Kegiatan pun berlanjut pada sebuah aktivitas untuk mempererat tali kekeluargaan dalam tanding basket dan futsal. Begitu berbaurnya, seakan perbedaan tak melekat di antara mereka. Pertandingan antar dua negara yang sarat akan atmosfer keakraban. Hilang sudah ingatan akan konflik yang pernah bersitegang antara Indonesia-Australia beberapa waktu yang lalu.



Tak sampai di situ, kegiatan mereka dilanjutkan pada membatik, memasak, dan membuat kue keesokan harinya. Aku pun tak tahu banyak seputar kegiatan ini karena lebih bersifat tertutup.

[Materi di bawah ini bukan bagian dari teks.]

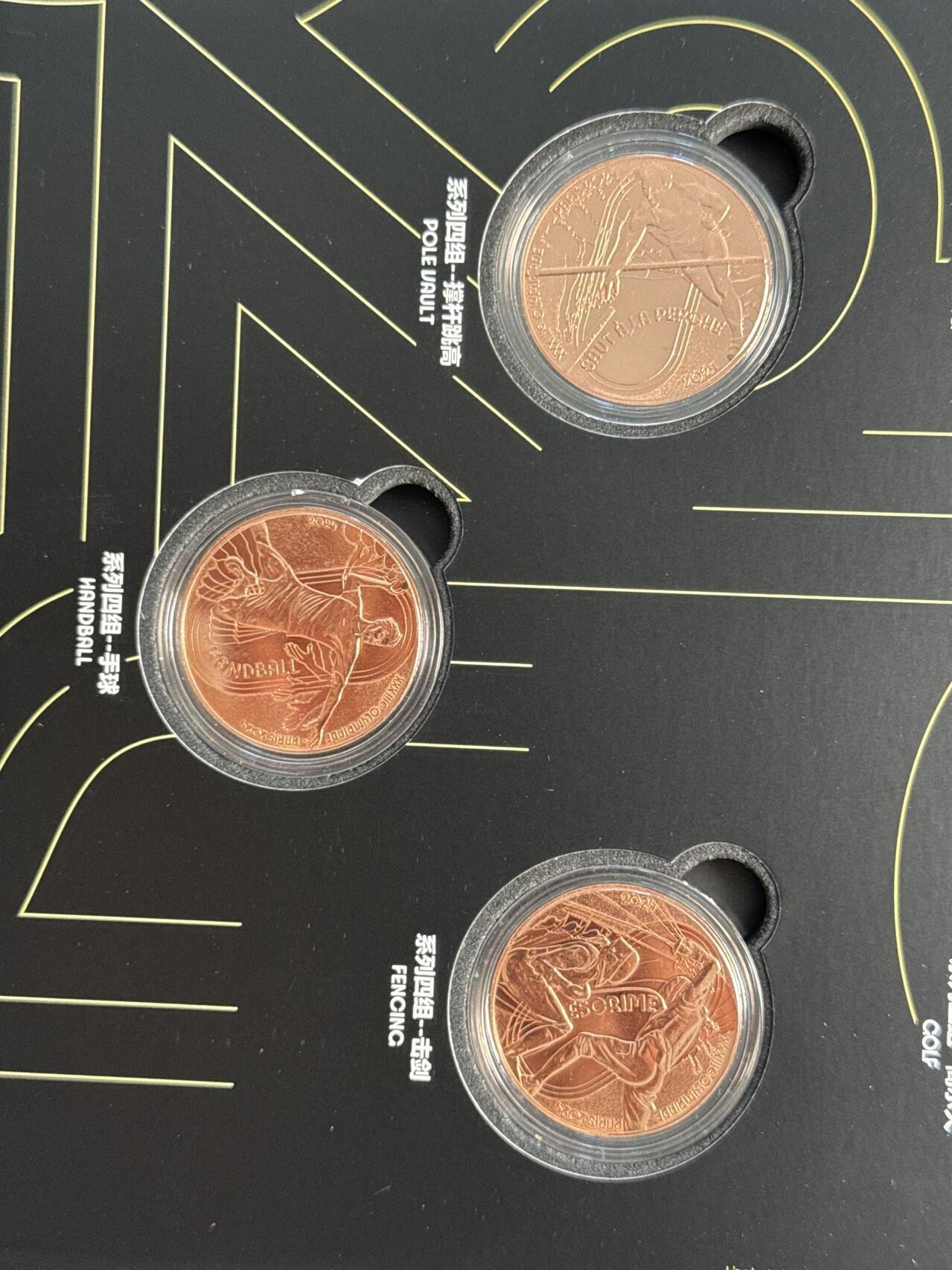 ❤️【币观天下】❤️ 第333期钱币拍卖- 2025.12.5周五晚上6点半场-长期征集拍品 法国2024年奥运会纪念币 1/4欧硬币全套12枚礼盒装盒证齐全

Keesokan harinya, mereka diajak berplesir ke tempat-tempat menarik di Jakarta, seperti Ragunan, Monas, dan Kota Tua Jakarta. Semoga mereka tidak merasa risih akan kabut hitam pekat di atmosfer Jakarta akibat polusi dan lingkungan yang kurang sedap dipandang. Tapi, batin mereka siapa yang tahu. Mungkin saja mereka mempunyai pendapat dan penilaian masing-masing untuk Jakarta, ibukota tercinta.

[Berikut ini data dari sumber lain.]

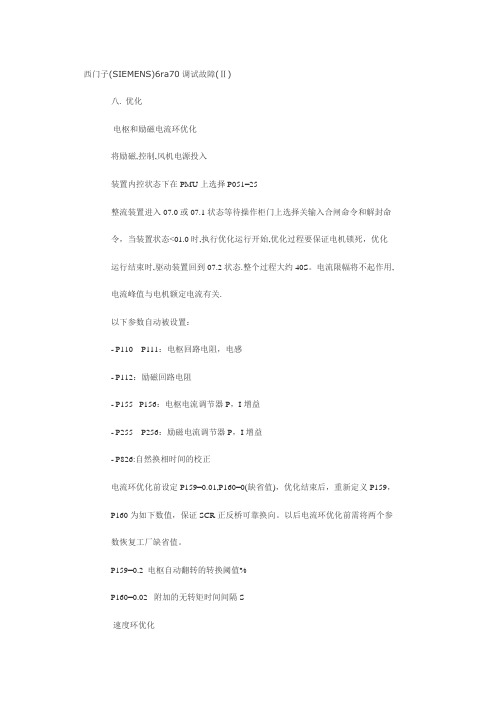 西门子6ra70故障调试与参数设置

Sampailah pada hari terakhir mereka di SMA N 1 Tangerang, ditutup dengan sebuah acara perpisahan yang menampilkan kebudayaan dari dua negara. Kebudayaan Indonesia diwakilkan oleh Voice dengan lagu-lagu daerah, tari Saman, dan Marawis. Mereka pun tak kalah untuk unjuk kebolehan dengan berdansa dan menyanyi yang aku pun tak tahu banyak seputar hal itu. Selanjutnya mereka mencoba untuk menari Poco-Poco khas Minahasa. Lucu dan menggelitik. Namun, ada satu diantara mereka yang membuatku kembali merasa malu dengan gerakannya begitu luwes dan gemulai khas Jaipongan dan gerakan patah-patah pinggulnya khas tari Bali. Kembali terlintas di pikiranku, apakah kita bisa segemulai itu dalam membawakan tari khas daerah kita?

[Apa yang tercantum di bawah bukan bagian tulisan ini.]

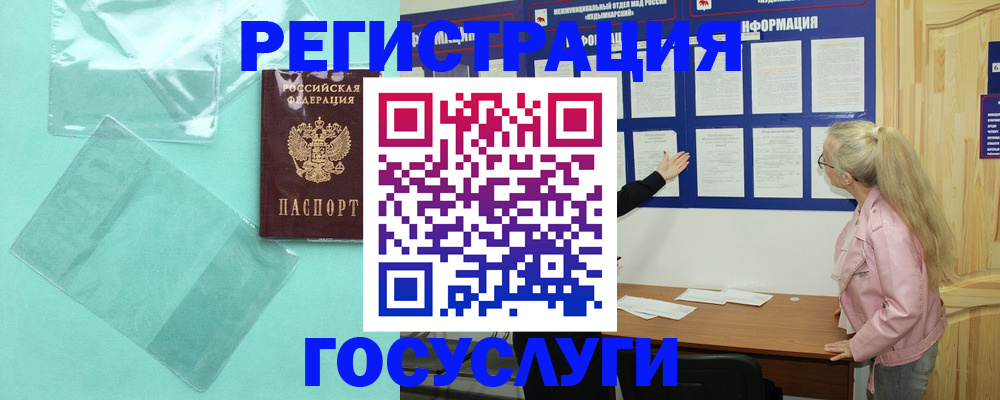 прописка для военкомата в Артёмовском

Beruntung pula aku diberi kesempatan untuk dapat mewawancarai mereka guna kepentingan Jurnalistik Sekolah. Aku sedapat mungkin berusaha mewawancarainya dengan Bahasa Indonesia. Mereka pun berusaha menjawab dengan Bahasa Indonesia pula, walau akhirnya bilingual juga. Namun, aku mengapresiasi hal ini. Mengapresiasi karena ada seseorang dari mereka yang ingin berkata Bahasa Indonesia, namun sulit sekali dalam pengucapannya. Tak apalah menurutku, yang penting sudah berusaha.



Beberapa pertanyaan dilontarkan dan beragam jawaban pun keluar dari mulut mereka. Tak beragam jawabannya, saat ditanya pendapat mereka tentang Indonesia. Mereka mengemukakan hal senada tentang Indonesia bahwa Indonesia adalah negara yang indah dengan penduduknya yang ramah. Yah, tak ayal kalau jawaban itu yang terucap dari bibir mereka. Toh, dunia telah membuktikan akan keindahan dan keramahan negeri kita. Panorama alam dan senyum sapa Nusantara membuat siapa pun kerasan berlama-lama di sini dan selalu ingin kembali lagi. Kemudian tak lupa aku bertanya kepada mereka, apakah mereka berniat kembali atau tidak. Seakan dipandu mereka menjawab tentu saja. Mereka akan merindukan suasana keakraban dan kekeluargaan, walau beberapa kejadian sempat mencoreng hal ini akibat terorisme.



Makanan khas tak luput dari pertanyaan kami. Nah, untuk yang satu ini beragam jawabannya. Ada yang menyukai satai, mie goreng, nasi campur, cap cay (padahal kan ini asli negara Tiongkok-red), sampai ada yang bilang menyukai pizza (lebih kacau lagi, ini kan asli Italia-red). Tapi, sebenarnya aku merasa belum puas dengan jawaban mereka, belum ada jawaban yang menunjukkan makanan bersifat Indonesiana, kecuali satai. Kemana karedok, rujak cingur, gudeg, coto, pempek? Atau dawet, selendang mayang, bandrek? Mengapa bukan makanan atau minuman itu yang menjadi jawaban atas pertanyaan kami? Mengapa harus ada cap cay dan pizza yang notabene bukan makanan asli Indonesia?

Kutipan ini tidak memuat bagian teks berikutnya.